» EXERCISE BRIEF
Please transcribe the listing below in full and word for word, without its pictures.

» INFORMATION PROVIDED
=-=-=-=-=
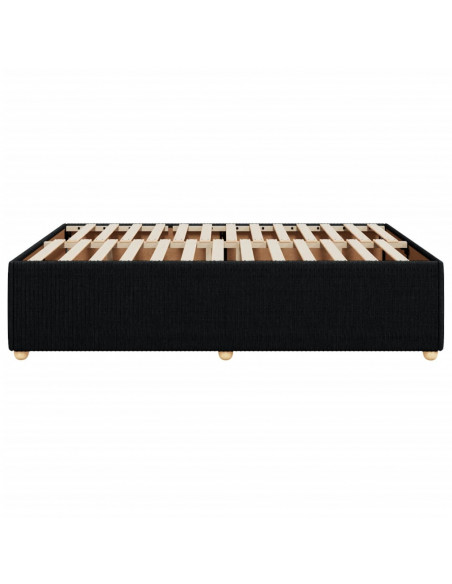 Giroletto senza Materasso Nero 140x200 cm in Tessuto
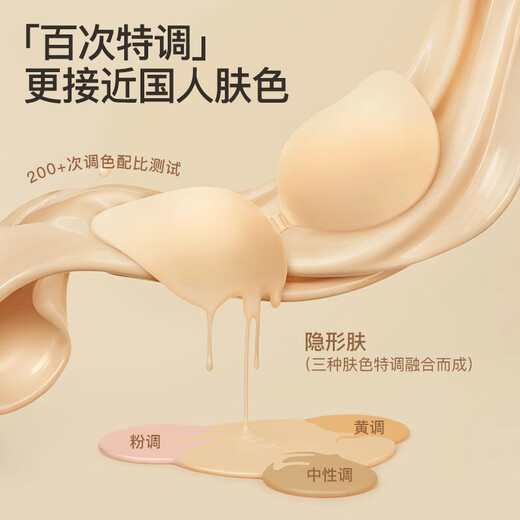 Urban Beauty Breast Paste Supports Small Breasts to Make Big Breasts Invisible Seamless Strapless Underwear Female Wedding Dress Nipple Paste Glossy Thin Style_A Cup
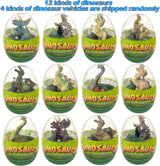 Paquete de 4 huevos jumbo con dinosaurio para tirar hacia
=-=-=-=-=
» EXERCISE SOLUTION
 Giroletto senza Materasso Nero 140x200 cm in Tessuto
 Urban Beauty Breast Paste Supports Small Breasts to Make Big Breasts Invisible Seamless Strapless Underwear Female Wedding Dress Nipple Paste Glossy Thin Style_A Cup
 Paquete de 4 huevos jumbo con dinosaurio para tirar hacia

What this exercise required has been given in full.